En hommage à Richard Marienstras, spécialiste de Shakespeare et du théâtre élisabéthain, Jean-François Chappuit donnera une conférence dans le cadre du séminaire de Bernard Cottret à l'Institut Protestant de Théologie de Paris.

le 18 mars 2014

mardi 18 mars 2014 à 17h
Institut Protestant de Théologie de Paris
83 boulevard Arago
75014 Paris
Dans son livre posthume Shakespeare et le désordre du monde (Avant-propos d’Elise Marienstras, textes présentés par Dominique Goy-Blanquet, Gallimard, 2012) Richard Marienstras écrit que Shakespeare, dans son théâtre, semble suggérer que l’ordre n’est pas dans la nature, ni dans l’homme et qu’il est impossible dans le cadre de la réalité. L’ordre est alors un effet de l’art qui s’oppose à la vérité du monde et qui la révèle, (p. 435).

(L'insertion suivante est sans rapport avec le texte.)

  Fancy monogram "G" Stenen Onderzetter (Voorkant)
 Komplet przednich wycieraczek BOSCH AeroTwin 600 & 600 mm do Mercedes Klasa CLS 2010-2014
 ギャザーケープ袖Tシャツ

L’ordre connote la stabilité, ce qui est à sa place et n’en bouge pas, mais vivre c’est agir et, nous dit Aristote (Poétique, [1450 a, 15-23]) c’est en raison de leurs actions que les hommes sont heureux ou le contraire et ils reçoivent de surcroit leurs caractères en raison de leurs actions. L’ordre doit donc se concevoir en relation avec le mouvement et la multiplicité. La notion d’ordre implique de cette façon l’existence d’un principe rationnel qui rend la multiplicité cohérente et intelligible. C’est le sens des vers donnés à Hamlet, (Hamlet, Arden, Acte I, sc. 5, 196-197) : « The time is out of joint. O cursed spite,/ That ever I was born to set it right ».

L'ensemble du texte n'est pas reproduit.